Mediant Key Schemes and Deep-Level Chromaticism in Three Brahms Chamber Works

Carissa Reddick, University of Connecticut

A hallmark of Brahms's style, and of nineteenth-century music in general, is movement between third-related keys. One type of mediant relationship, minor tonic to its relative major, is a convention of sonata-form expositions in minor mode. In several of his sonata-form movements, however, Brahms exploits mediant relationships that depart from "normal" sonata key schemes. This paper examines the ramifications of these unusual key schemes on linear structure, and the resultant structure's interaction with the sonata form principle, in the first movements of three of the composer's chamber works: the Piano Trio opus 8 (in its revised version of 1889), the Piano Quintet opus 34 (1862), and the String Quintet opus 88 (1882).

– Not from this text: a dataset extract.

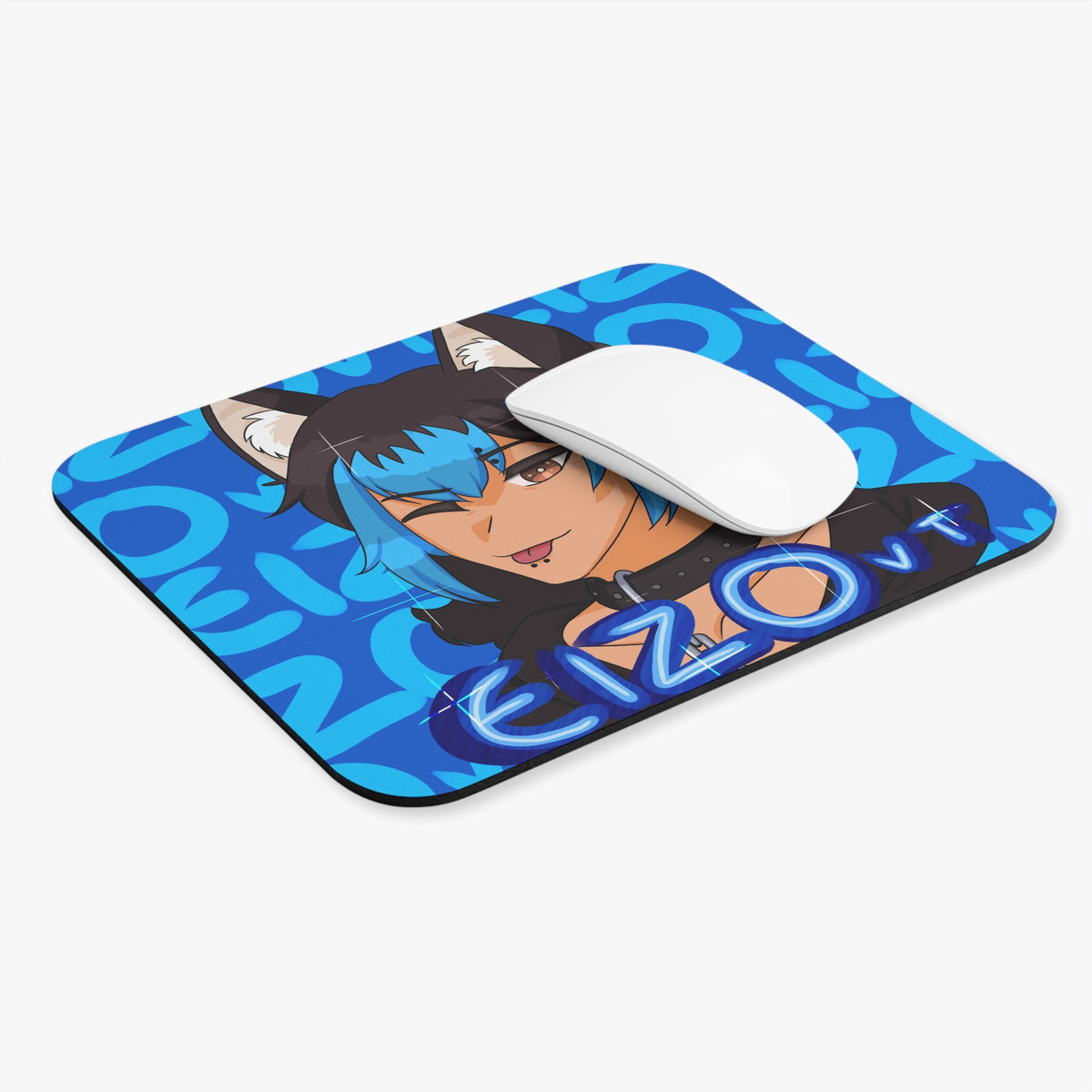 EizoVT Mousepad - KatDragonz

All three of these movements exhibit an uninterrupted linear structure with a Kopfton on 5. The key schemes of these movements by Brahms, however, prohibit the subordinate theme from prolonging 5 at the deep middleground level. Therefore, the subordinate theme group in each of the movements prolongs an upper neighbor to the Kopfton. Because of the chromatic nature of Brahms's style, this upper neighbor is prolonged in both of its modal variants: a half-step above 5 (♭6) and a whole step above 5 (♮6). The prolongation of both variants injects the deep middleground structure with chromaticism that is not present in an uninterrupted sonata-form movement with a standard key scheme. This paper draws on previous work, especially Roger Graybill's exploration of Brahms's three-key expositions, Boyd Pomeroy's ideas on formal fusion, and Peter H. Smith's theories of form and "dimensional noncongruence."